The number of factors were determined by the scree plot of the eigenvalues (based on the non-reduced correlation matrix: 3.90, 2.46, 0.77, 0.71, 0.57, 0.54, 0.37, 0.29, 0.20, 0.18) which is shown in Online Resource 5 (Cattell and Jaspers 1967; but see also Cattell 1966). Applying this criterion, the EFA suggests a two-factor structure. This decision was clearly supported by a more accurate parallel analysis (Horn 1965) and by the criterion that only those eigenvalues should be considered that lie above the 95th percentile of randomly generated eigenvalues (see Hayton et al. 2004; 1000 random data sets were generated; see Online Resource 5). After the extraction of two factors, the oblique Geomin rotation (Yates 1987) was applied. Both factors correlated significantly at .29 (p = .003).

As Table 7 shows, all of the same-discipline indicators only loaded significantly on factor F-I and all of the different-discipline indicators only loaded significantly on factor F-II. Therefore, it seems that this two-factor solution was an example of artificial method factors which, for instance, are typical of applications where positively and negatively formulated (reversed) items create their own factors (e.g., Brown 2015).
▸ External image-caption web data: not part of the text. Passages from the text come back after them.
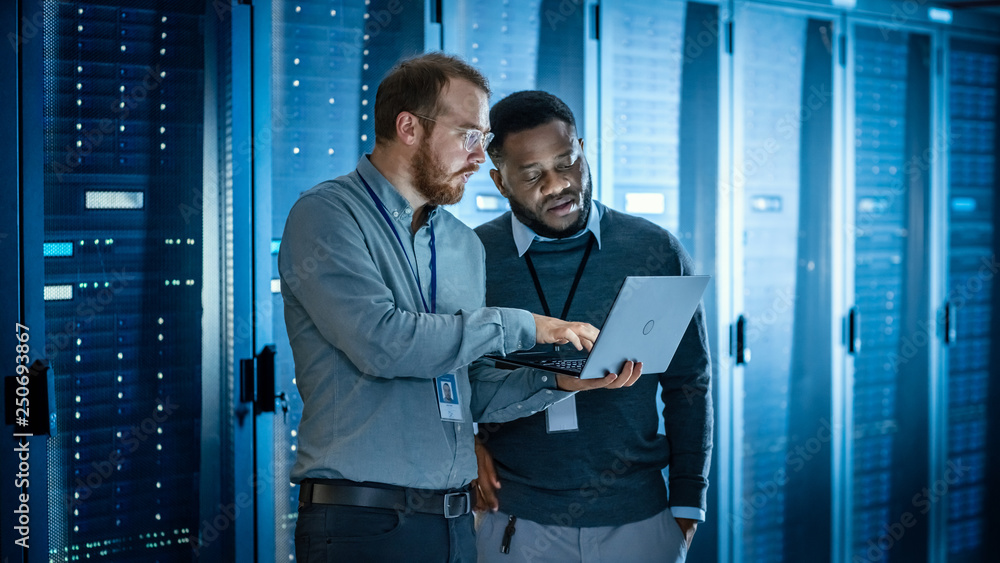 Bearded IT Technician in Glasses with Laptop Computer and Black Male Engineer Colleague are Using La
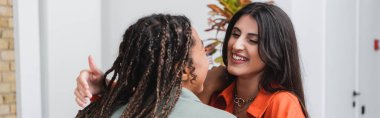 Smiling woman hugging african american girlfriend in cafe, banner 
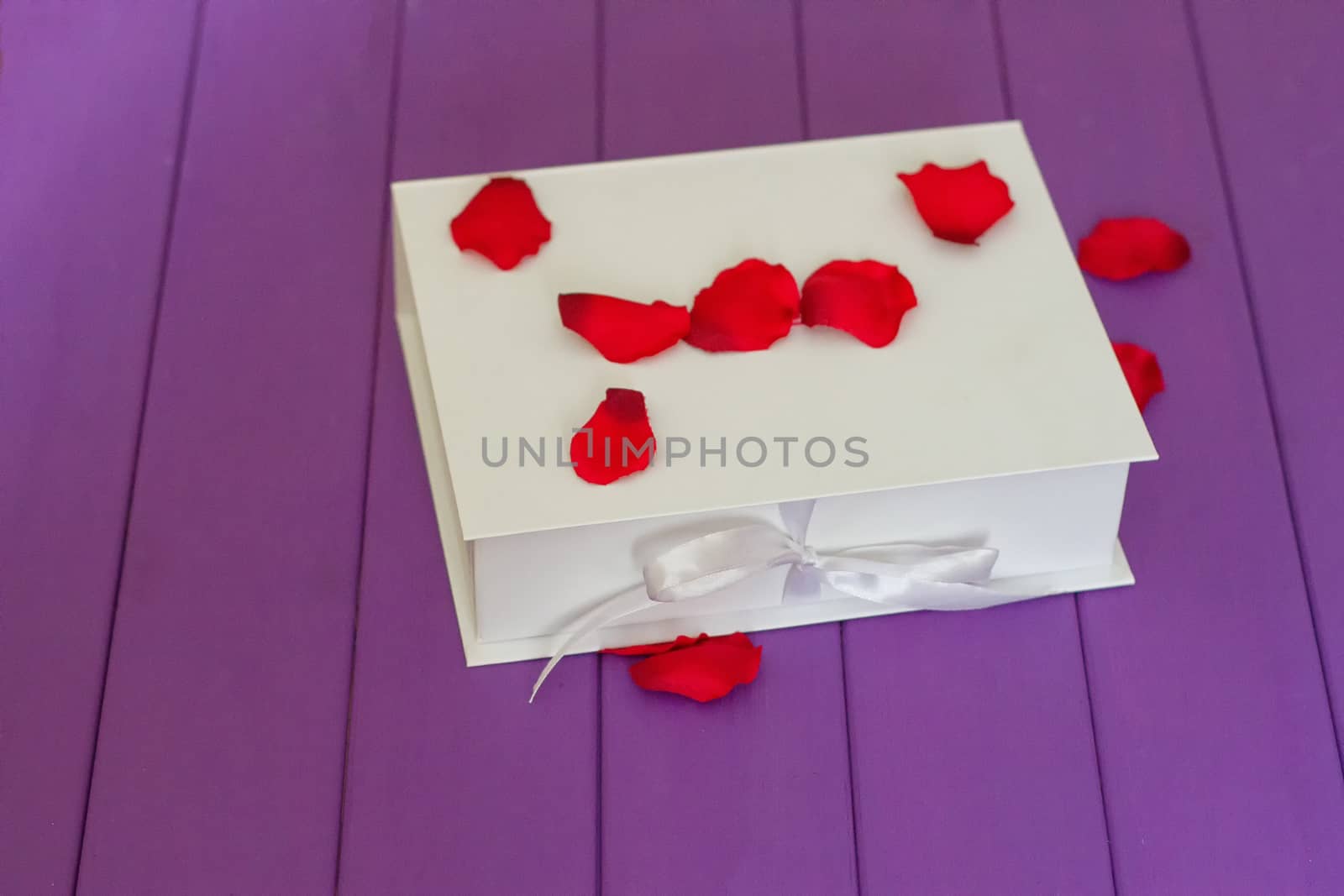 Rose petals and gift box with ribbon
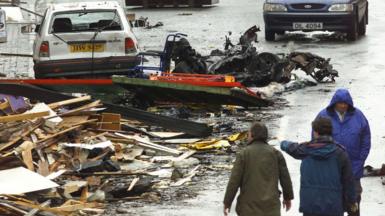 Security experts examine the charred remains of the vehicle thought to have contained the bomb which exploded in Omagh's shopping area in Northern Ireland, August 16, 1998.
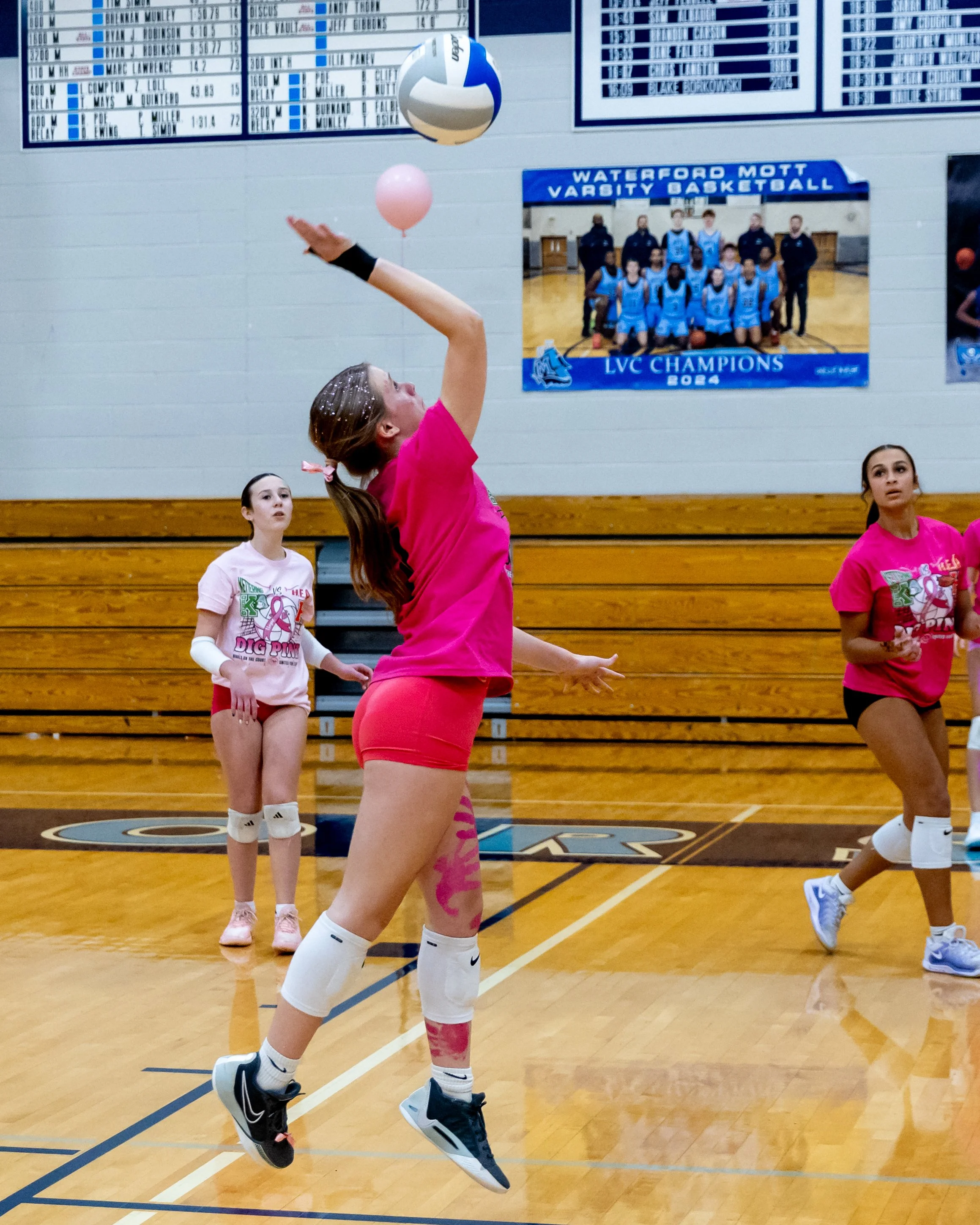 Kettering player hits the ball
Again, these results provide evidence against the convergent validity of the paper scores from both reviewer groups, as well as against the discriminant validity of the five dimensions themselves. After all, the exploratory factor analysis did not reveal rating dimensions as distinct factors, as would have been expected if the rating dimensions had had a high convergent as well as discriminant construct validity. It is also notable that the overall evaluation indicators had the highest loadings in comparison to the other rating dimensions (see Table 7), which makes the overall evaluation a marker variable that is most essential for the interpretation of each factor.
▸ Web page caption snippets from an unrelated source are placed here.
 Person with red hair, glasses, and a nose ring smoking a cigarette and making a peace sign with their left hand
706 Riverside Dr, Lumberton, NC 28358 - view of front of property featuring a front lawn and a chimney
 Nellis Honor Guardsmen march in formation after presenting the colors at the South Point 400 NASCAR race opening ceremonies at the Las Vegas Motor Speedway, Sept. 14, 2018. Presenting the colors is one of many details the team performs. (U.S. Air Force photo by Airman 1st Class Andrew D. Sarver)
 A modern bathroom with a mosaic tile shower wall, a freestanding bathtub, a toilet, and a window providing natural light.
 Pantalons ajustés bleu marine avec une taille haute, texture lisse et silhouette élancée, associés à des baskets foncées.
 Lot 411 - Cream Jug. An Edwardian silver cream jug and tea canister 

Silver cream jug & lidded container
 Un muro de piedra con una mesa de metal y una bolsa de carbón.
Confirmatory factor analysis

In a next step we tested the dimensionality and method specificity of the ratings in a more elaborated way with a special kind of confirmatory factor analysis (CFA): a correlated traitcorrelated (method minus one) [CT-C(M-1)] model (Eid 2000; Eid et al. 2003). The corresponding model structure is illustrated in Fig. 2.

Fig. 2
figure 2

A correlated trait–correlated (method minus one) [CT-C(M-1)] model (Eid 2000; Eid et al. 2003) in which the same-discipline paper scores serve as reference method

Here, each rating dimension was given an exclusive factor with two indicators: (a) the paper scores that were estimated by averaging the ratings of same-discipline reviewers and (b) the paper scores that were estimated by averaging the ratings of different-discipline reviewers. The usage of two aggregated indicators per factor is comparable to the approach of using item parcels (e.g., test halves) as manifest indicators (e.g., see Brown 2015).
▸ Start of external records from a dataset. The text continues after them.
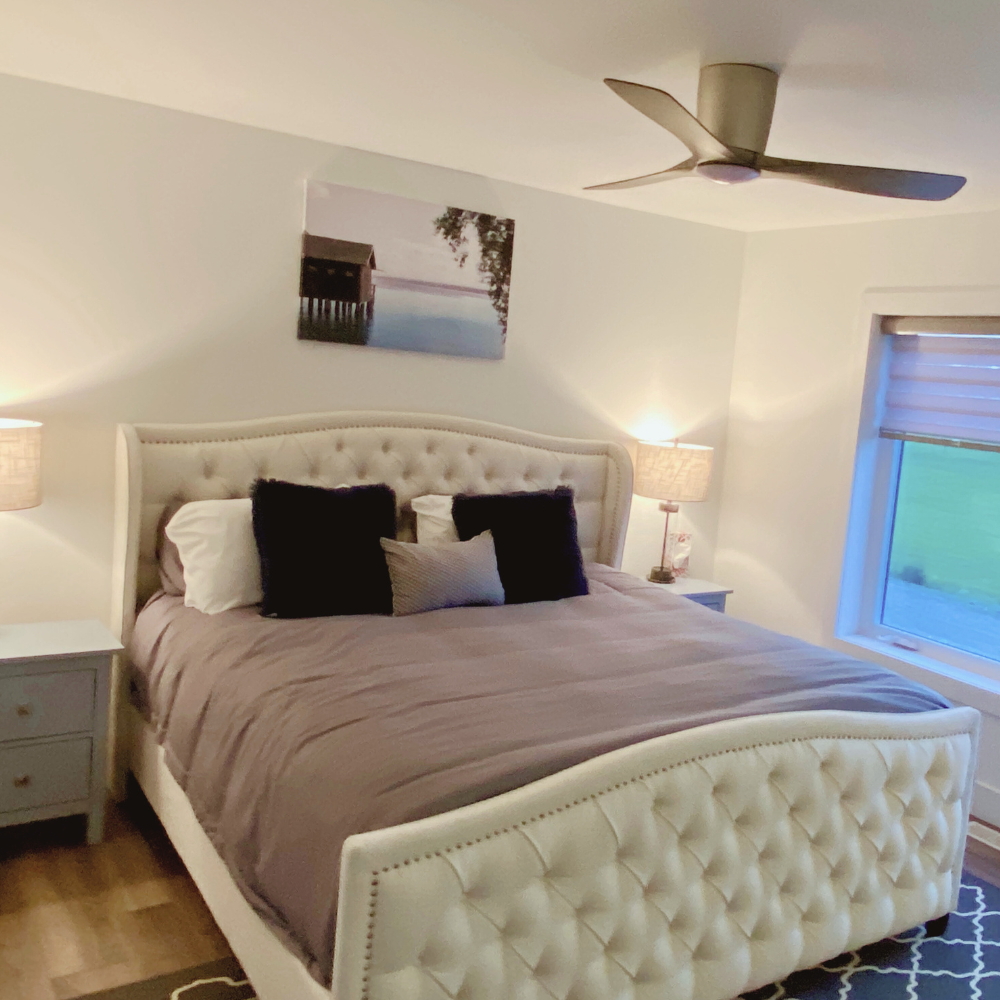 Cozy modern bedroom with a tufted cream-colored bed frame and a mauve comforter.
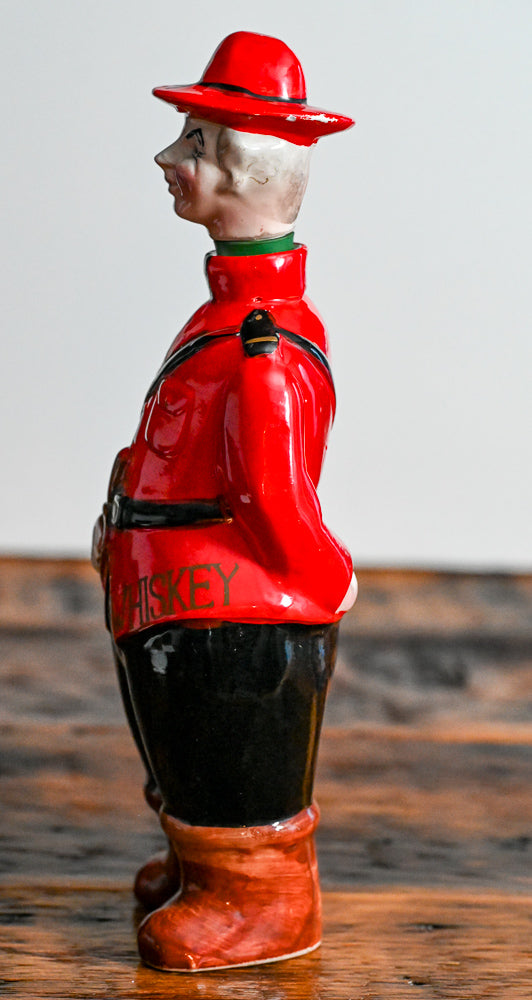 Canadian Mounted Police Decanter, stopper is the head with a hat, red suit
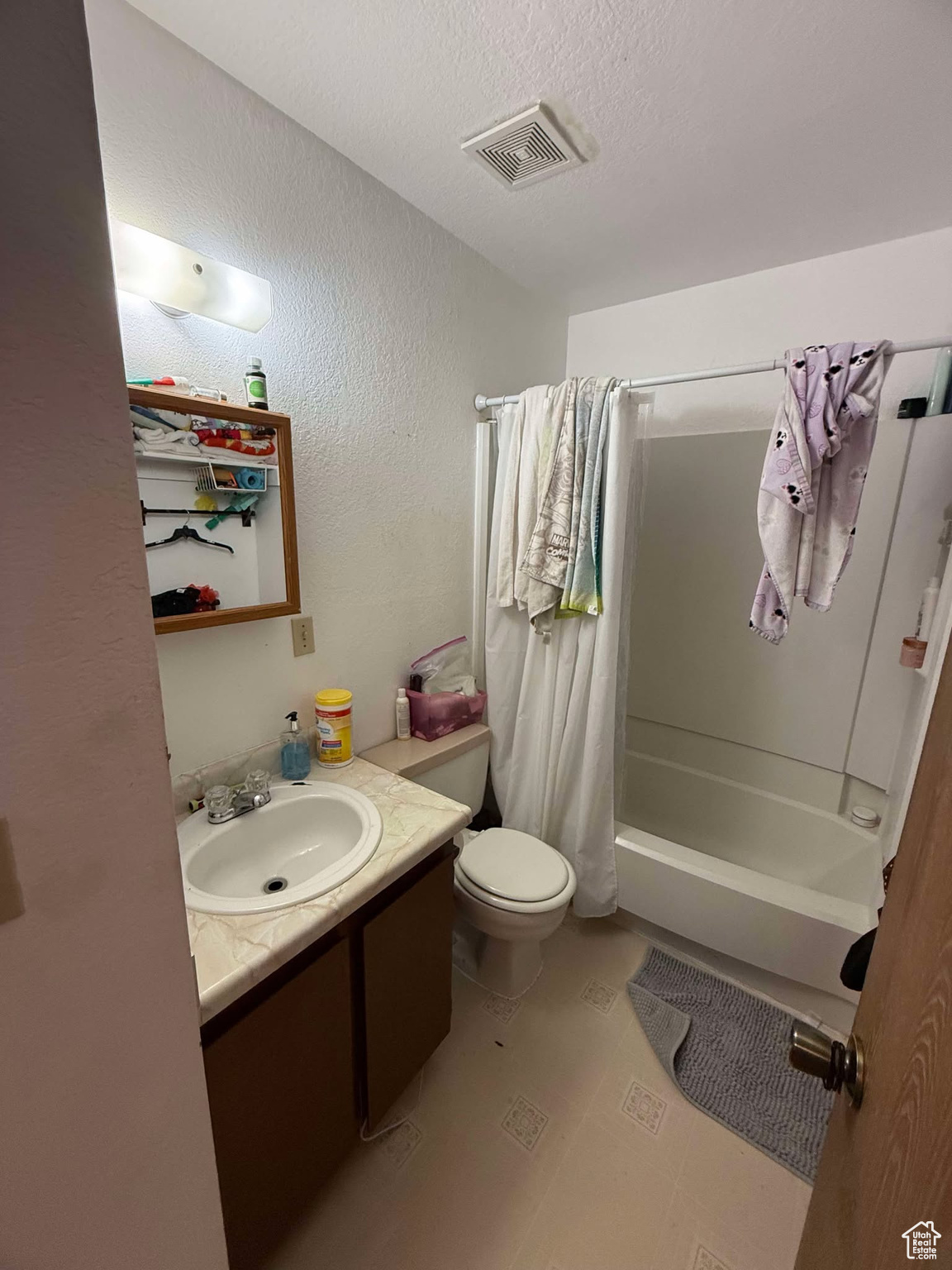 Full bath with vanity, visible vents, shower / bath combo with shower curtain, a textured ceiling, and toilet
Additionally, an asymmetric method factor (MF) was specified, as was proposed by Eid (2000). The MF was uncorrelated with the other factors and only indicators from one method loaded on the MF. The method without loadings had to be interpreted as the reference method. That is, one method took on the reference role and acted as a comparison standard, whereby the method specificity of the other method was caught by the MF. Because such a model is therefore asymmetric and because there was no natural standard method, two models were estimated in which the roles of the same-discipline and the different-discipline scores were reversed. For scaling the latent variables and for identification purposes, one unstandardized loading per factor was fixed to the value of one (see Fig. 2).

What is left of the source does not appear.